Write out the records below once more, exactly and completely.

Input Block Start

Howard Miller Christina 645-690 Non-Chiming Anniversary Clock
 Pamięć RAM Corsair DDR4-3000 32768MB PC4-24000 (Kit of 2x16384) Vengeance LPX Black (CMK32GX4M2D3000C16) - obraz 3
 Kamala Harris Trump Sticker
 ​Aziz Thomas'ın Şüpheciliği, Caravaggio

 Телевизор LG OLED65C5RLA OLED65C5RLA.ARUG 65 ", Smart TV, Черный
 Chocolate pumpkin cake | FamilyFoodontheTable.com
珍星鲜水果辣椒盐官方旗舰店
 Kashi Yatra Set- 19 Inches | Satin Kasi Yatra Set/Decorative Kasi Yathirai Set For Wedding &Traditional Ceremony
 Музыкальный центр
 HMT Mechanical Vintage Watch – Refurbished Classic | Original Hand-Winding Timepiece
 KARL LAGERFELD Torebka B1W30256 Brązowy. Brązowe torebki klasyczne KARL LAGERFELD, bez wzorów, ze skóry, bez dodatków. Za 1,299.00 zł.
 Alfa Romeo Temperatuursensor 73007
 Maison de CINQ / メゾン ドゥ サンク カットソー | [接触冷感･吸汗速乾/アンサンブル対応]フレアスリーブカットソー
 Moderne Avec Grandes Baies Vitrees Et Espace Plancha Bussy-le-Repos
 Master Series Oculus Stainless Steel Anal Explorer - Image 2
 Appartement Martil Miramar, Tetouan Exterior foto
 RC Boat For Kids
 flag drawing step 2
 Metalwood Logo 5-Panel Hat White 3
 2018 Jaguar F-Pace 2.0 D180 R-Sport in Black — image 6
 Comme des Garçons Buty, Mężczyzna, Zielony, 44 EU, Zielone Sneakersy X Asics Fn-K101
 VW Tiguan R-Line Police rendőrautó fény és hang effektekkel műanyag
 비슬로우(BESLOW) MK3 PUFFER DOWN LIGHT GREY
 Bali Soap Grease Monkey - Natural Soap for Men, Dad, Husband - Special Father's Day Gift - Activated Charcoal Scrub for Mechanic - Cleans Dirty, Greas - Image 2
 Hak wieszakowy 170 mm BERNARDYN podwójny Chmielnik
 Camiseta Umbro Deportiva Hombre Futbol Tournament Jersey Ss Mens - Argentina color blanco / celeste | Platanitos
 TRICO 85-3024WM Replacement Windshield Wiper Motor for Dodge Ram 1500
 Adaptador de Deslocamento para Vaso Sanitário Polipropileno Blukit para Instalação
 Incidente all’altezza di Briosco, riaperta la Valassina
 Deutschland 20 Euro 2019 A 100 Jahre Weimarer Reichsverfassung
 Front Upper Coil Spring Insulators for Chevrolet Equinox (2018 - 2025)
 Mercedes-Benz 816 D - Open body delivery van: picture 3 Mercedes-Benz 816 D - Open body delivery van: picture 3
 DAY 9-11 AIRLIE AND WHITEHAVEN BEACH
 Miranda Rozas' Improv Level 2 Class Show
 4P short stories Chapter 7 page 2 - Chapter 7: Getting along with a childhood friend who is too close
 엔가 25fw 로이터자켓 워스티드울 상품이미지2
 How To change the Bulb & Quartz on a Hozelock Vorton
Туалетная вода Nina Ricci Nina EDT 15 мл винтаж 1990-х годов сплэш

Input Block End

Answer to the problem:
Howard Miller Christina 645-690 Non-Chiming Anniversary Clock
 Pamięć RAM Corsair DDR4-3000 32768MB PC4-24000 (Kit of 2x16384) Vengeance LPX Black (CMK32GX4M2D3000C16) - obraz 3
 Kamala Harris Trump Sticker
 ​Aziz Thomas'ın Şüpheciliği, Caravaggio

 Телевизор LG OLED65C5RLA OLED65C5RLA.ARUG 65 ", Smart TV, Черный
 Chocolate pumpkin cake | FamilyFoodontheTable.com
珍星鲜水果辣椒盐官方旗舰店
 Kashi Yatra Set- 19 Inches | Satin Kasi Yatra Set/Decorative Kasi Yathirai Set For Wedding &Traditional Ceremony
 Музыкальный центр
 HMT Mechanical Vintage Watch – Refurbished Classic | Original Hand-Winding Timepiece
 KARL LAGERFELD Torebka B1W30256 Brązowy. Brązowe torebki klasyczne KARL LAGERFELD, bez wzorów, ze skóry, bez dodatków. Za 1,299.00 zł.
 Alfa Romeo Temperatuursensor 73007
 Maison de CINQ / メゾン ドゥ サンク カットソー | [接触冷感･吸汗速乾/アンサンブル対応]フレアスリーブカットソー
 Moderne Avec Grandes Baies Vitrees Et Espace Plancha Bussy-le-Repos
 Master Series Oculus Stainless Steel Anal Explorer - Image 2
 Appartement Martil Miramar, Tetouan Exterior foto
 RC Boat For Kids
 flag drawing step 2
 Metalwood Logo 5-Panel Hat White 3
 2018 Jaguar F-Pace 2.0 D180 R-Sport in Black — image 6
 Comme des Garçons Buty, Mężczyzna, Zielony, 44 EU, Zielone Sneakersy X Asics Fn-K101
 VW Tiguan R-Line Police rendőrautó fény és hang effektekkel műanyag
 비슬로우(BESLOW) MK3 PUFFER DOWN LIGHT GREY
 Bali Soap Grease Monkey - Natural Soap for Men, Dad, Husband - Special Father's Day Gift - Activated Charcoal Scrub for Mechanic - Cleans Dirty, Greas - Image 2
 Hak wieszakowy 170 mm BERNARDYN podwójny Chmielnik
 Camiseta Umbro Deportiva Hombre Futbol Tournament Jersey Ss Mens - Argentina color blanco / celeste | Platanitos
 TRICO 85-3024WM Replacement Windshield Wiper Motor for Dodge Ram 1500
 Adaptador de Deslocamento para Vaso Sanitário Polipropileno Blukit para Instalação
 Incidente all’altezza di Briosco, riaperta la Valassina
 Deutschland 20 Euro 2019 A 100 Jahre Weimarer Reichsverfassung
 Front Upper Coil Spring Insulators for Chevrolet Equinox (2018 - 2025)
 Mercedes-Benz 816 D - Open body delivery van: picture 3 Mercedes-Benz 816 D - Open body delivery van: picture 3
 DAY 9-11 AIRLIE AND WHITEHAVEN BEACH
 Miranda Rozas' Improv Level 2 Class Show
 4P short stories Chapter 7 page 2 - Chapter 7: Getting along with a childhood friend who is too close
 엔가 25fw 로이터자켓 워스티드울 상품이미지2
 How To change the Bulb & Quartz on a Hozelock Vorton
Туалетная вода Nina Ricci Nina EDT 15 мл винтаж 1990-х годов сплэш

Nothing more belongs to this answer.